====== Data section ======
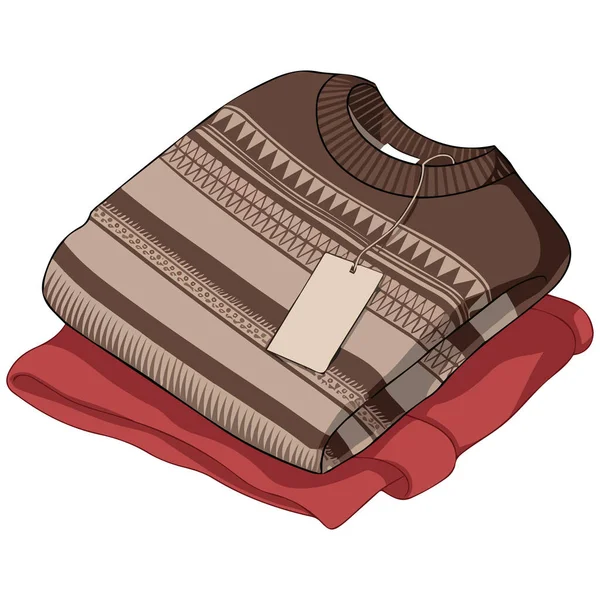 Sonbahar örgü kazaklar beyaz arkaplanda izole vektör illüstrasyonu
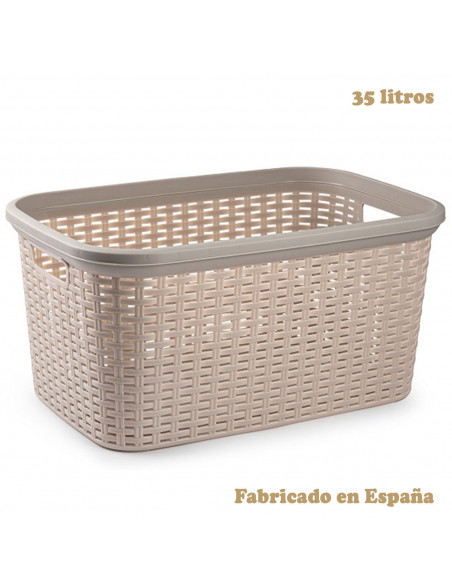 Tradineur - Cesta de plástico "Rattan" con asas, recipiente para la colada, diseño imitación de mimbre, lavandería, hogar, fabri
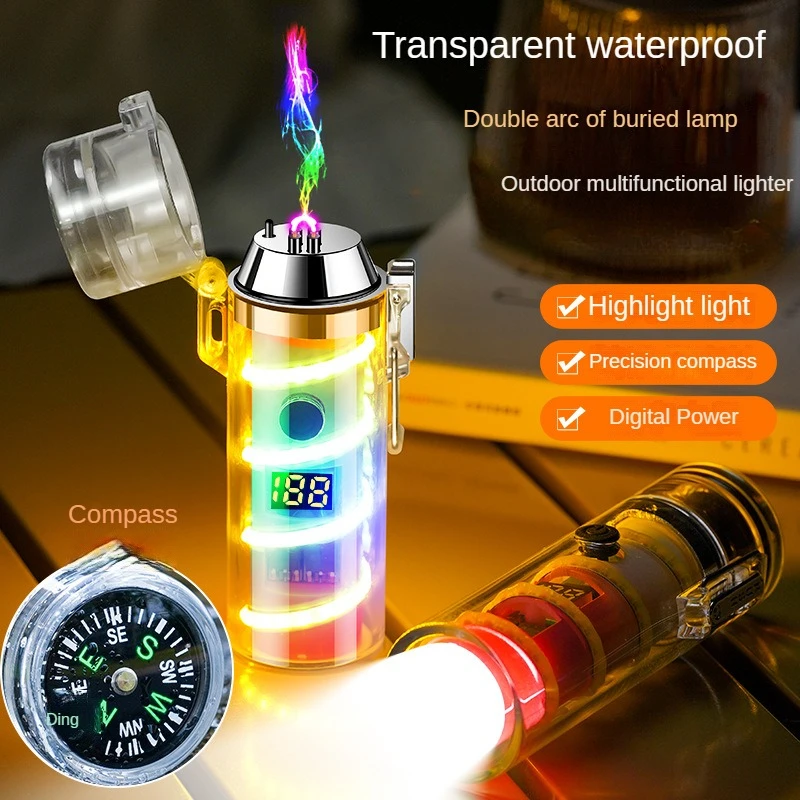 Double arc lighter with ambient light, outdoor lighting, with compass, multifunctional emergency flashlight and lighter in one,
======
Print the material above verbatim, no images.

| Output for this exercise |
 Sonbahar örgü kazaklar beyaz arkaplanda izole vektör illüstrasyonu
 Tradineur - Cesta de plástico "Rattan" con asas, recipiente para la colada, diseño imitación de mimbre, lavandería, hogar, fabri
 Double arc lighter with ambient light, outdoor lighting, with compass, multifunctional emergency flashlight and lighter in one,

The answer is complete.